The Federation of Irish Fishermen (FIF) has called on Minister Coveney to reverse the Commission’s proposed cuts in some key Irish stocks at the Fisheries Council in Brussels next week (December 15-16)
“These cuts are neither justified nor warranted and if adopted , will result in 500 to 600 fulltime and part-time jobs losses in the fisheries sector and ancillaries services. The resulting direct and indirect financial losses would be approximately €78 million,” Sean O’Donoghue, FIF chairman has warned.
Fleets in Dunmore East and around the coast will be badly affected if proposed cuts in some fisheries are implemented.
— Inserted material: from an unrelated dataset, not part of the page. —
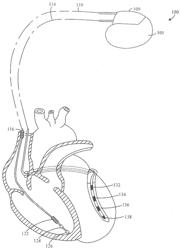 METHOD AND DEVICE FOR DETECTING ATRIAL FIBRILLATION IN THE PRESENCE OF VENTRICULAR PACING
Photo Gillian Mills
FIF does not agree with a number of the Commission’s proposals to reduce fishing opportunities for key stocks in 2015:
” Reductions of 64% in cod and 41% in haddock in the Celtic Sea quota makes no sense, considering the abundance of cod and haddock fishermen are seeing on the ground,” he added.
Such cuts will only result in an increase in regulatory discards to an extraordinary level, which is contrary to the new Common Fisheries Policy,” he added.
A 14% reduction in quota proposed for nephrops (prawns) – Ireland’s second most valuable fishery – “has no basis whatsoever, particularly given that ICES (International Council for the Exploration of the Seas) has clearly advised a small increase. FIF is seeking a rollover of the TAC for this species at a minimum.
Regarding pelagic stocks, the mackerel TAC was agreed at tri-lateral negotiations on November 21 and is set in accordance with the scientific advice at a level the industry supports. Blue whiting is expected to increase by at least 5%.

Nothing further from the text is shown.